It was not an unreasonable application of Supreme Court precedent to conclude that petitioner's admissions during his plea colloquy refutes his claim that he was coerced into pleading guilty. This claim is therefore denied.
Petitioner did not argue counsel's relationship with the judge before the Nevada Supreme Court. However, to the extent this portion of the claim is unexhausted, it is plainly without merit for the same reasons as the rest of the claim.
D. "Amended Ground Three"
In his fourth ground for relief, entitled "Amended Ground Three," petitioner asserts that trial counsel was ineffective for failing to investigate the value of the Ford van. Petitioner asserts the Ford van was worth less than $2,500.00 and attaches as evidence a Kelley Blue Book estimate and a CARFAX vehicle history report. Respondents argue that, although this claim was generally presented to the Nevada Supreme Court in both of petitioner's habeas petitions, the claim is not exhausted because the evidence on which petitioner now relies was not included in those petitions.

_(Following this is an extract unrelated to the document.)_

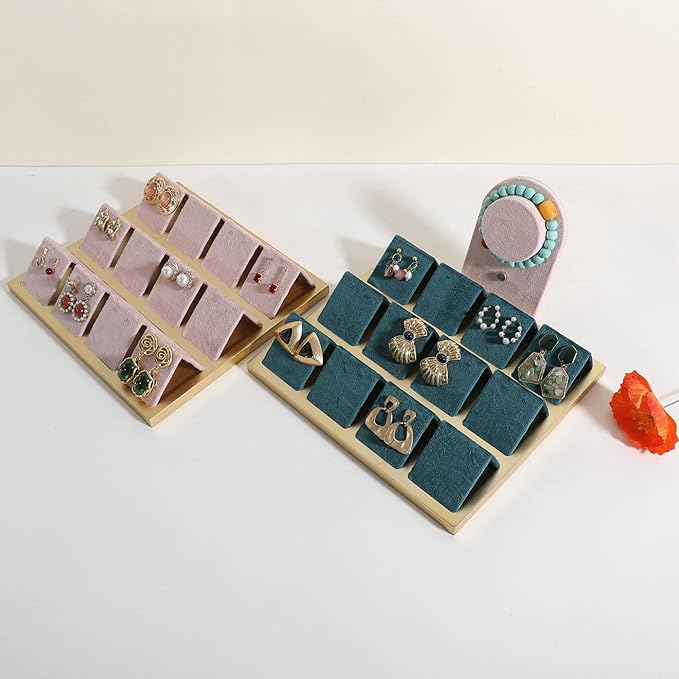 GemeShou Golden coated earring display stand for selling, velvet stud earring holder for jewelry display, Jewlery earring storage organizer tray, studs holder jewelry organizer【Earring holder-Blue】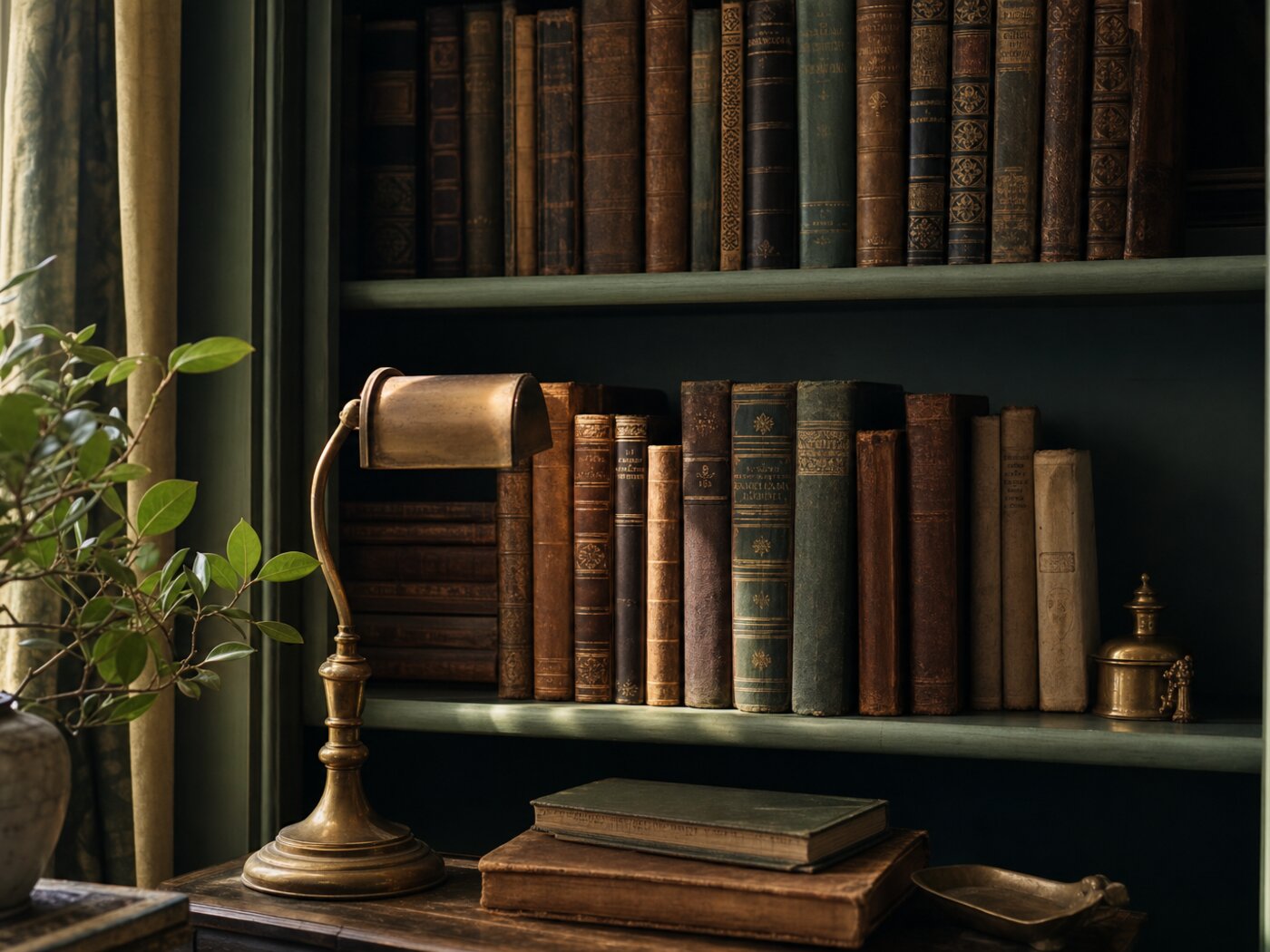 Antique bookshelf with leather-bound books and a brass lamp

Petitioner describes this as "suspect evidence" that the sentencing court relied on, but to this extent the claim is unintelligible. Far from being "suspect evidence," the evidence appears to support petitioner's contention that the Ford van was worth less than $2,500.00. --------
A petitioner may provide further facts in support of a claim to this court so long as those facts do not fundamentally alter the legal claim presented to the state courts. See Vasquez v. Hillery, 474 U.S 254, 260 (1986); Weaver v. Thompson, 197 F.3d 359, 364-65 (9th Cir. 1999). However, if the additional facts place the claim in a significantly different and stronger evidentiary posture than the one presented to the state courts, the claim is unexhausted. See Aiken v. Spalding, 841 F.2d 881, 884 n.3 (9th Cir. 1988).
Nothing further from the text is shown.